┌────────
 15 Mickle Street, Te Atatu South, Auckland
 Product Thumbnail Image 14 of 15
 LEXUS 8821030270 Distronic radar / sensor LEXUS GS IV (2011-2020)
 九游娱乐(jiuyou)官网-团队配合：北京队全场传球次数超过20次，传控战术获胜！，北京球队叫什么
└────────
┌────────
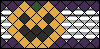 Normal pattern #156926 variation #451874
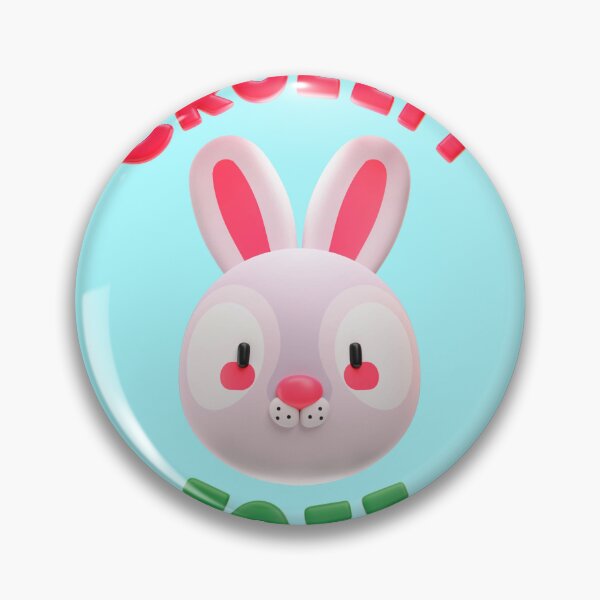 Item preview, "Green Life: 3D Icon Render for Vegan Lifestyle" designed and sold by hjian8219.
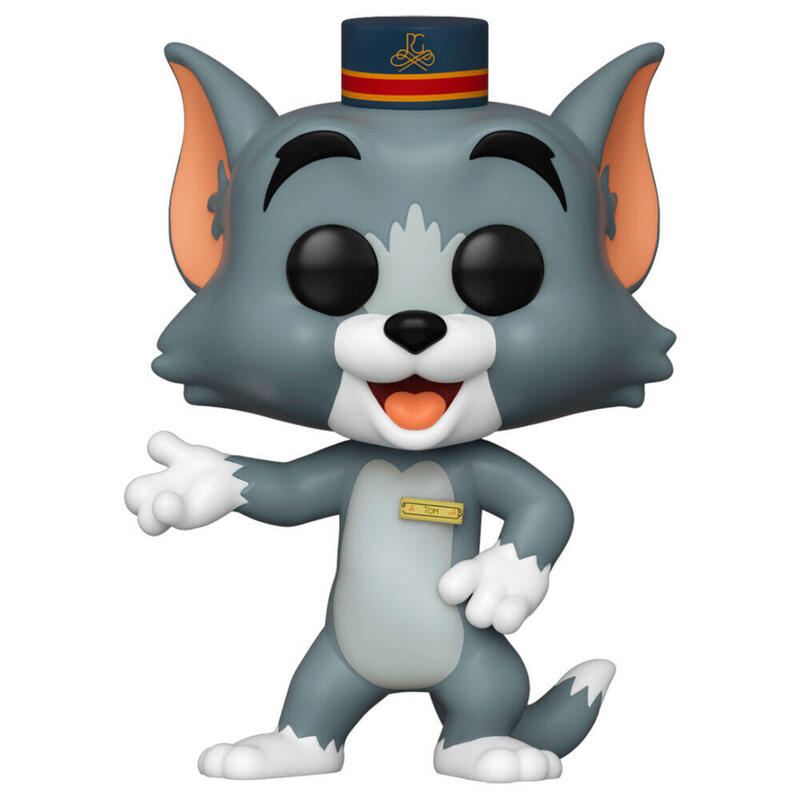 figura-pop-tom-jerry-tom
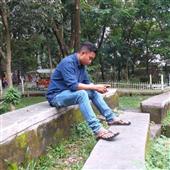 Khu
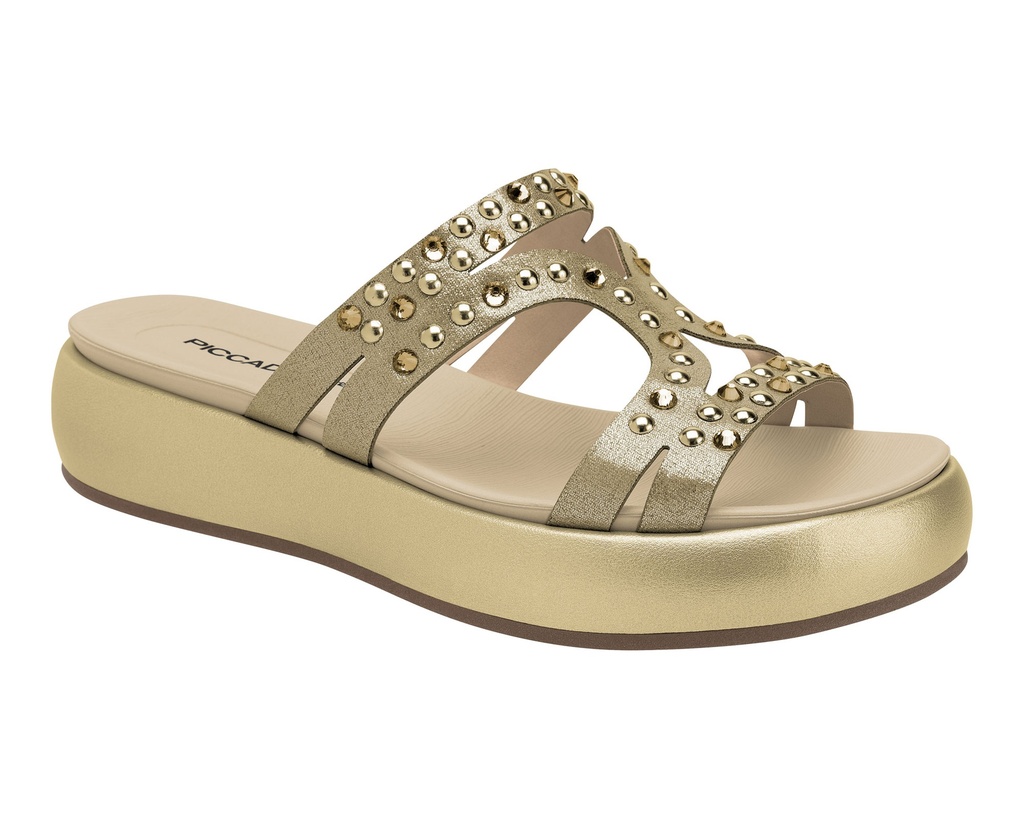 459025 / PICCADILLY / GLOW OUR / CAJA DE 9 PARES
└────────
┌────────
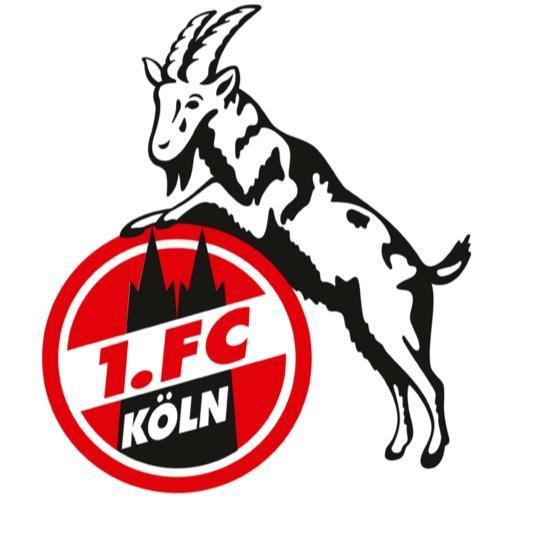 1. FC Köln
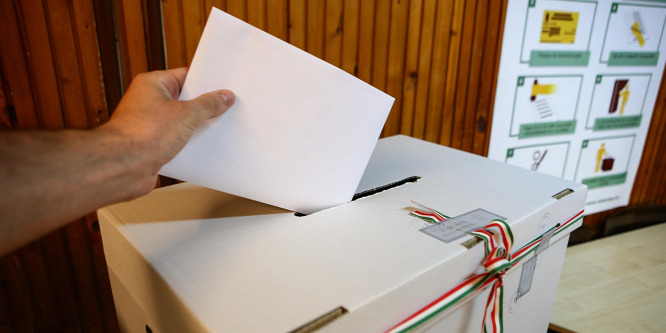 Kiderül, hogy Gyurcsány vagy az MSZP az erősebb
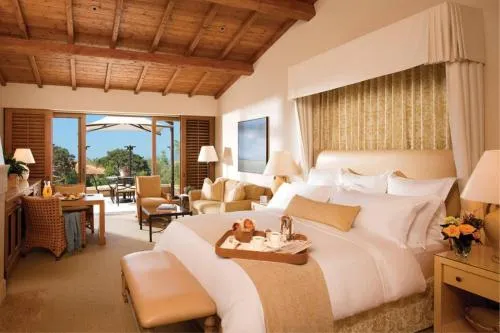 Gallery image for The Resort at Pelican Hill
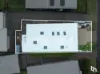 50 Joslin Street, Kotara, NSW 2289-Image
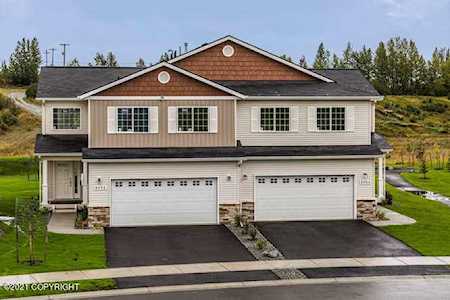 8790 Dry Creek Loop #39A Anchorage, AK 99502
└────────
Exercise: Copy out only the lines above from the one with "LEXUS 8821030270 Distronic" to the one with "九游娱乐(jiuyou)官网", inclusive, exactly as they stand.

Solution for this problem:
 LEXUS 8821030270 Distronic radar / sensor LEXUS GS IV (2011-2020)
 九游娱乐(jiuyou)官网-团队配合：北京队全场传球次数超过20次，传控战术获胜！，北京球队叫什么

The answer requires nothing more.